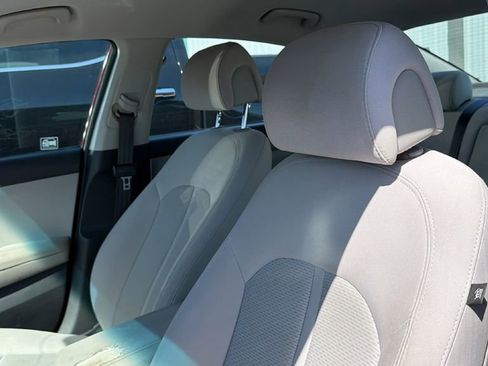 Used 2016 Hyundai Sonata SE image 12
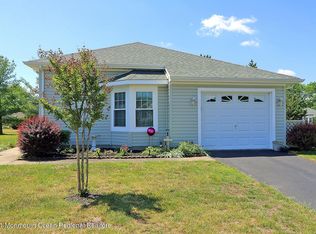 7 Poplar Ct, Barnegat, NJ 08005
--
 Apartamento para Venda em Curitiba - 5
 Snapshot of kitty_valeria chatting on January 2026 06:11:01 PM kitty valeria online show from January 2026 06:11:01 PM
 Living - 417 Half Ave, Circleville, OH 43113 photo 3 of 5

DIRECTIONS
Print again the lines of the entries above that fall between the line holding "Apartamento para Venda em Curitiba - 5" and the line holding "Living - 417", inclusive, exactly as they stand.

EXERCISE RESULT
 Apartamento para Venda em Curitiba - 5
 Snapshot of kitty_valeria chatting on January 2026 06:11:01 PM kitty valeria online show from January 2026 06:11:01 PM
 Living - 417 Half Ave, Circleville, OH 43113 photo 3 of 5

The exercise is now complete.